The Hamilton Community Garden Network (HCGN) is a vibrant but small group of committed garden enthusiasts who provide a wide array of support to emerging and established community gardens in Hamilton, Ontario. The Gardens for Good Grant will be used to fund Oliver’s Garden Project, a program that provides individual citizens with the knowledge and resources needed to share the organic produce from their backyard with the wider community.
Vallejo People’s Garden is a community coalition grown out of hard times following the closure of their city’s Naval Shipyard and enduring struggle with the economic downturn. The grant will allow the coalition, comprised of volunteers from the Global Center for Success, the Betty Frank Senior Lunch Program, Community Action Partnership Solano, and the Regional Office of the USDA Forest Service, to create a “People’s Garden” which will provide fresh organic produce for the area’s homeless and needy. The garden will also serve the people of Vallejo as an outdoor classroom and a community hub for all ages.

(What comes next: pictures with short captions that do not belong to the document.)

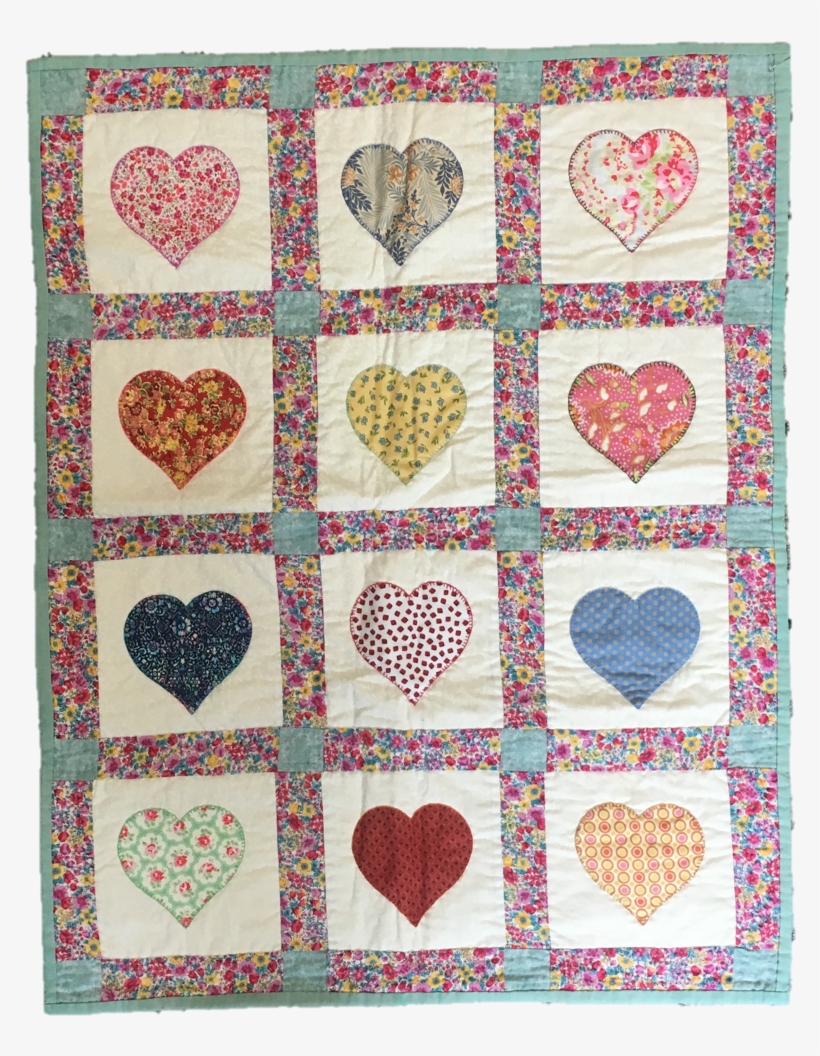 Premium Quilt - Pink Hearts, transparent png #1893262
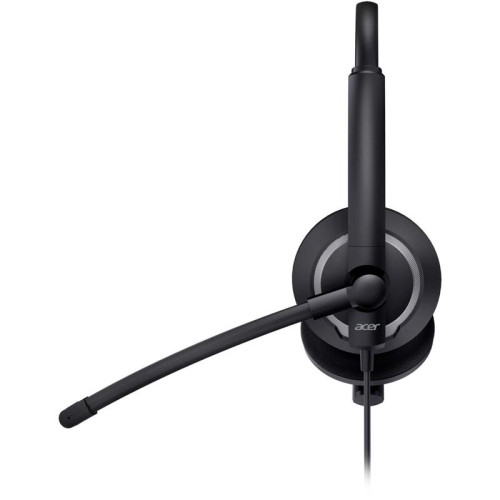 Наушники с микрофоном Acer OHW307 черный 1.8м накладные оголовье (ZL.HDSEE.002)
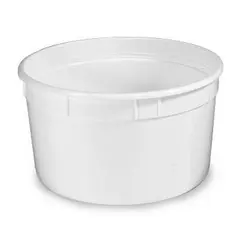 48 OZ WHITE PLASTIC TUB, 200/CS   T60748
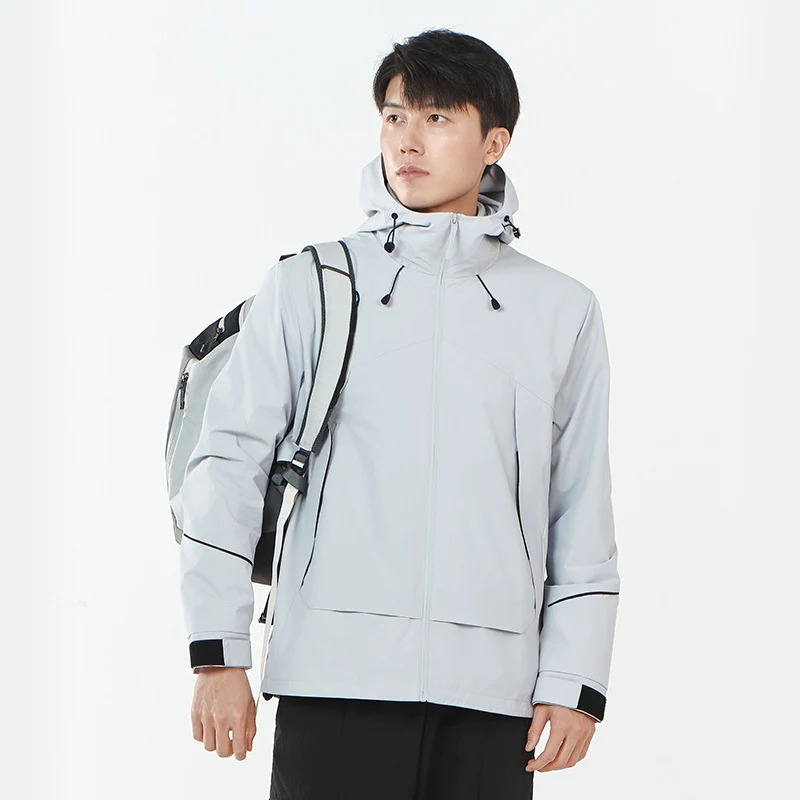 Damen Leichte wind- und wasserabweisende Softshell-Trekkingjacke mit verstellbarer Kapuze Nord Taschen
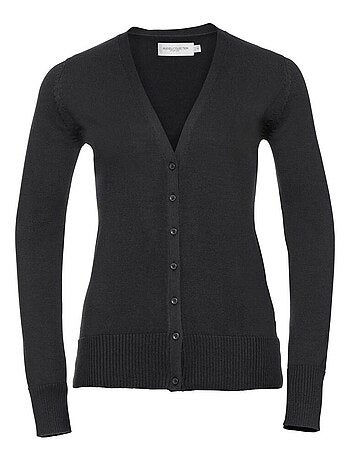 Russell Collection Ladies/Womens - Cardigan en tricot à col en V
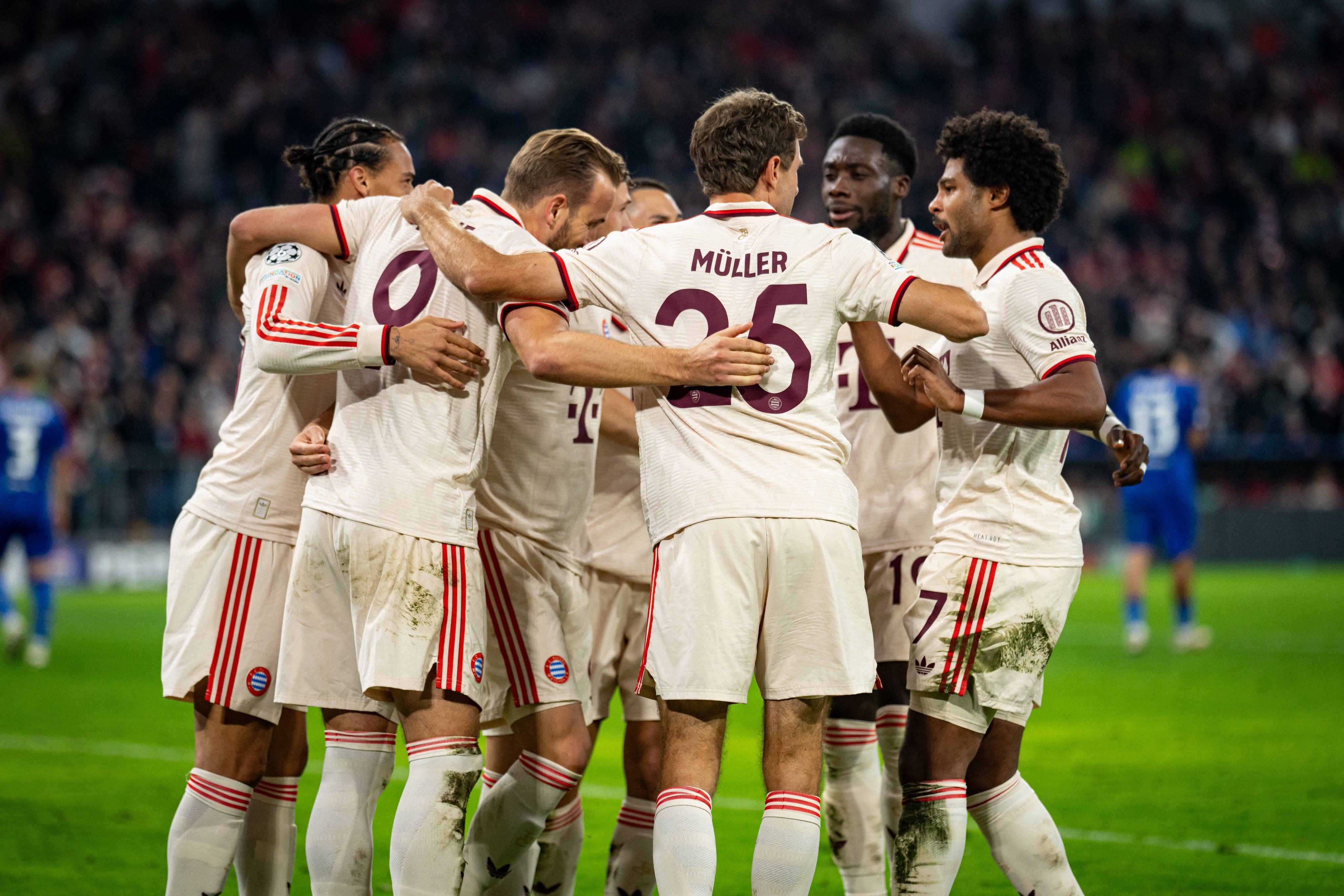 Bayern Múnich venció 9-2 al GNK Dinamo en la Champions con póker de goles de Harry Kane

The Damayan Garden Project’s mission is to promote sustainable, local food production and sow the seeds of healthy living and ecological awareness through hands-on gardening activities. The organization plans to use Nature’s Path’s grant to fund a garden that would contribute to local food drives, help teach children where food comes from, inspire enthusiasm about healthy eating, re-establish a lacking sense of community and encourage people to take control of what they eat.